=== Data segment ===

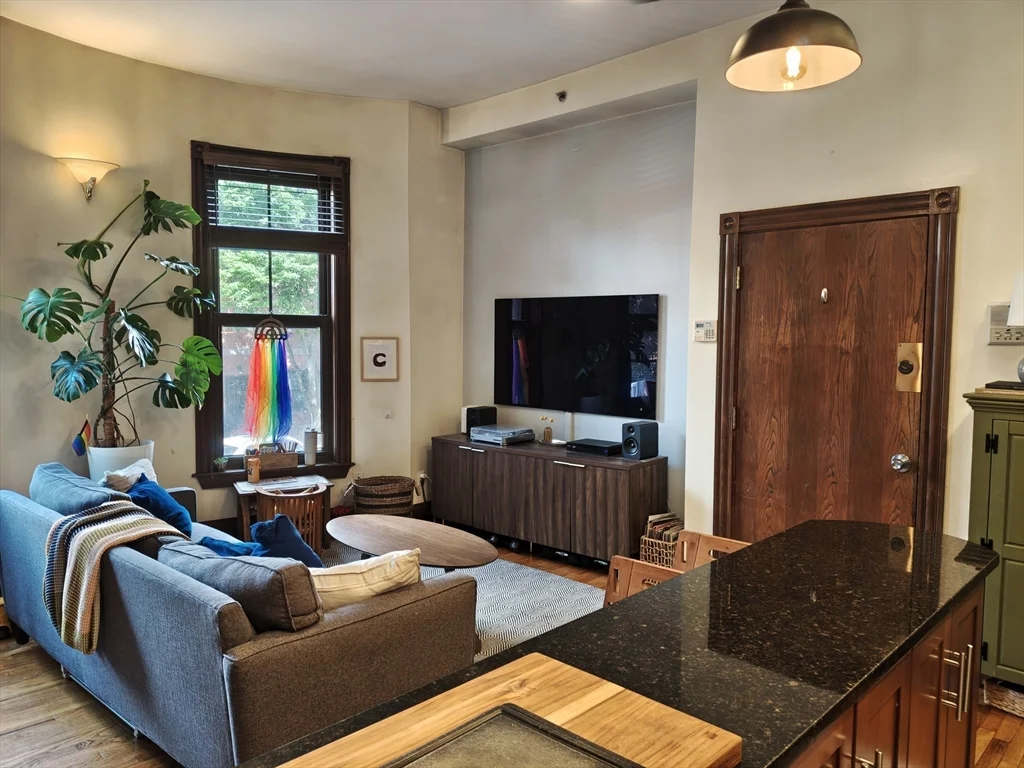 2 bed, 1 bath apartment for rent at 48 Waltham St Unit 2, South End — photo 4 of 12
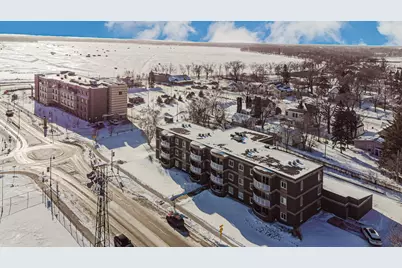 1320 Washington Avenue #101, Detroit Lakes, MN 56501 - Photo 2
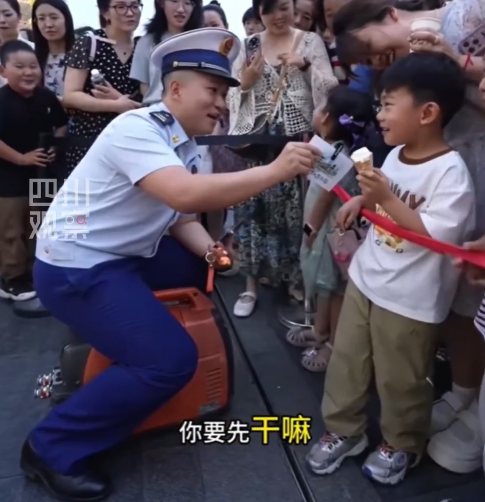 著火先吃啥,？消防員把小孩哥問懵了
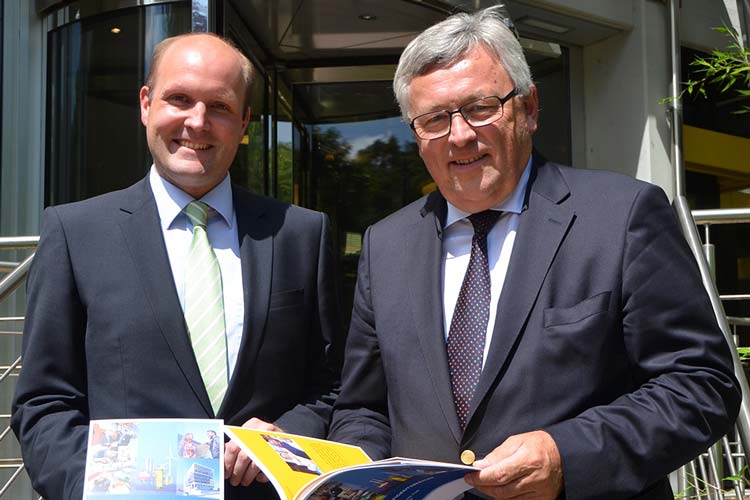 Dr. Friedrich Wilhelm Janssen und Dr. Werner Brinker stellten heute den ersten EWE Nachhaltigkeitsbericht vor.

===

> **Your task**: Transcribe all of the data above exactly; no picture belongs in the copy.

> **Response**:
 2 bed, 1 bath apartment for rent at 48 Waltham St Unit 2, South End — photo 4 of 12
 1320 Washington Avenue #101, Detroit Lakes, MN 56501 - Photo 2
 著火先吃啥,？消防員把小孩哥問懵了
 Dr. Friedrich Wilhelm Janssen und Dr. Werner Brinker stellten heute den ersten EWE Nachhaltigkeitsbericht vor.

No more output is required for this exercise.